Posts tagged “Writing

There’s Something About Lola

Posted on November 5, 2013

Photo: Michael Price

Photo: Michael Price

I profiled Russian-American piano virtuoso Lola Astanova for the November issue of Palm Beach Illustrated. By age 8, Astanova was giving performances alone and with orchestras throughout Europe. By age 13, she was featured in a UNESCO documentary about twentieth-century child prodigies. But her childhood was normal, she says, adding that she even played with friends and Barbie dolls.

Now, Astanova is bringing classical music to a new generation of listeners, thanks in no small part to her penchant for hard work and her social media savvy. She became a YouTube sensation (1.5 million page views and counting) after she infused Rihanna’s “Don’t Stop the Music” with a heavy dose of Rachmaninoff-style drama. She has also graced some of the world’s great concert venues, among them Carnegie Hall in New York City. Next week, she’ll perform in Charleston, West Virginia with the West Virginia Symphony Orchestra.

You can find my story about Astanova here, or on newsstands in South Florida. In the meantime, here are a few highlights from our interview:

* Astanova’s mother was a piano teacher and didn’t want her child to pursue a musical career because it was too difficult.
* She studied at the V. Uspensky Specialized School of Music for Gifted Children and enjoyed the competition and rigor that came with learning at such an elite school. To this day, she says “I’m very critical of myself and wish I could change that, but I don’t think I can so it doesn’t make life easier for me.”
* Having said that, it’s worth noting Lola loves reading the philosophical works of Arthur Schopenhauer. Schopenhauer wrote that the world was driven by a continually dissatisfied will and was always seeking satisfaction, a belief that must speak to the perfectionist Astanova.
* Astanova moved to Houston in 2000 and studied music at Rice University. But she maintained her ties with her Russian teachers.
* She is a fashionista known for wearing Chanel and Tom Ford. She’s also a self-proclaimed “beauty product junkie.” She justifies her passion for fashion by sharing an anecdote about the time Chopin lamented a pair of fabulous gloves he couldn’t afford. “He was into fashion,” she says. “There’s nothing wrong with that. I think it’s a sign of respect for the audience.”

Lola Astanova was a really fun interview. I really enjoyed meeting her and learning about how someone has followed their passion successfully and on on their own terms. Definitely catch her in action if she comes to your town. For a taste of what she’s like live, here she is in an exclusive performance for PBI’s YouTube channel:

She also maintains a pretty sassy Twitter feed at @followlola, where she shares her global exploits, hair color changes, fashion adventures and on-stage triumphs with her fans.

Speaking to Children About Writing

Posted on October 4, 2013

This morning I had the pleasure of speaking to two fourth grade classes about writing.

I agonized for two days over what to say and how to say it.

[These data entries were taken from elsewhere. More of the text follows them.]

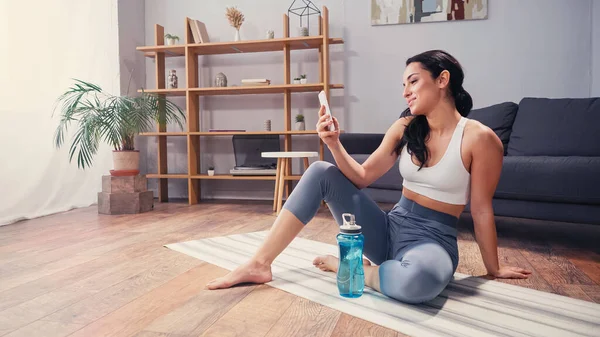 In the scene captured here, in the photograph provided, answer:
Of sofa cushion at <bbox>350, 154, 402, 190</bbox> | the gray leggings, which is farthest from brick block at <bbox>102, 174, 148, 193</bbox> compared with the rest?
the gray leggings

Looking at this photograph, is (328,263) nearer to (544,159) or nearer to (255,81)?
(544,159)

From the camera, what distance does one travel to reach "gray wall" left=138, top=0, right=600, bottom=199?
12.2 feet

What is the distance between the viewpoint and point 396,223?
4.80 feet

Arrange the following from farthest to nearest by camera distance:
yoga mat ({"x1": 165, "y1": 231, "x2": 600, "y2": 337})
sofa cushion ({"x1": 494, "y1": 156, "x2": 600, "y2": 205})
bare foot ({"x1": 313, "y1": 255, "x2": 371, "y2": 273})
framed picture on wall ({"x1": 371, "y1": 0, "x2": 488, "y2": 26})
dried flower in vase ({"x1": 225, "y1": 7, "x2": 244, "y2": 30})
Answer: dried flower in vase ({"x1": 225, "y1": 7, "x2": 244, "y2": 30}), framed picture on wall ({"x1": 371, "y1": 0, "x2": 488, "y2": 26}), sofa cushion ({"x1": 494, "y1": 156, "x2": 600, "y2": 205}), bare foot ({"x1": 313, "y1": 255, "x2": 371, "y2": 273}), yoga mat ({"x1": 165, "y1": 231, "x2": 600, "y2": 337})

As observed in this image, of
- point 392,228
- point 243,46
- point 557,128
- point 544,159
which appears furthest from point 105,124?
point 557,128

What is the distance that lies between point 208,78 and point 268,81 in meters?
0.75

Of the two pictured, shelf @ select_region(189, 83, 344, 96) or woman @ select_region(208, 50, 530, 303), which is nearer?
woman @ select_region(208, 50, 530, 303)

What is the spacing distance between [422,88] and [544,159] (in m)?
1.14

I agonized once I realized that Blessing of the Animals happened right before those two talks and I had promised my daughter that she could have her pet fish blessed. I agonized about having to bring the fish to my talks, and about whether I’d trip and fall or mess the fish up once I left.

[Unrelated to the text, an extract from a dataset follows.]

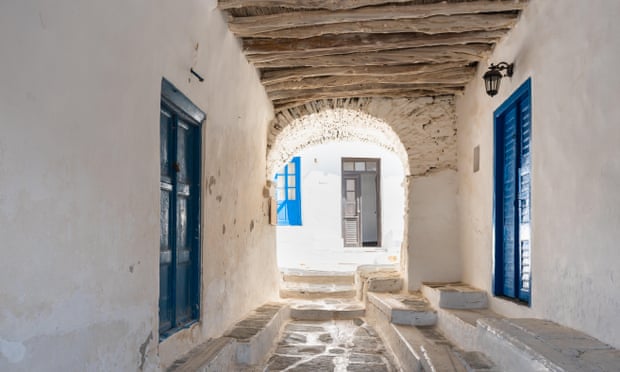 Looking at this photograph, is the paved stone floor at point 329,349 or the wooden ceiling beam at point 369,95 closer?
the paved stone floor at point 329,349

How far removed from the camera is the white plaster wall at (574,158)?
280 cm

I’m clumsy like that. But the good news is that I only have a little bit of fish water on my pants.

I choose not to think about what could be in that water.

But back to writing…

This morning, my plan was to give both classes a good recipe for writing. The recipe began with ingredients (the research that gives writing its authority), then moved on to well-structured sentences full of CUPS (or Capitalization, Usage, Punctuation and Spelling). Then, I advised them to sprinkle their work with detail to make it pop, before revising, revising, revising and turning it in.

We talked about things they struggle with during assignments, and I hope that I was able to help them with advice on working through those problems. I didn’t answer everything as well as I would have liked, but I volunteer in the school library once a week and offered to help them if they had questions about their work while I was there.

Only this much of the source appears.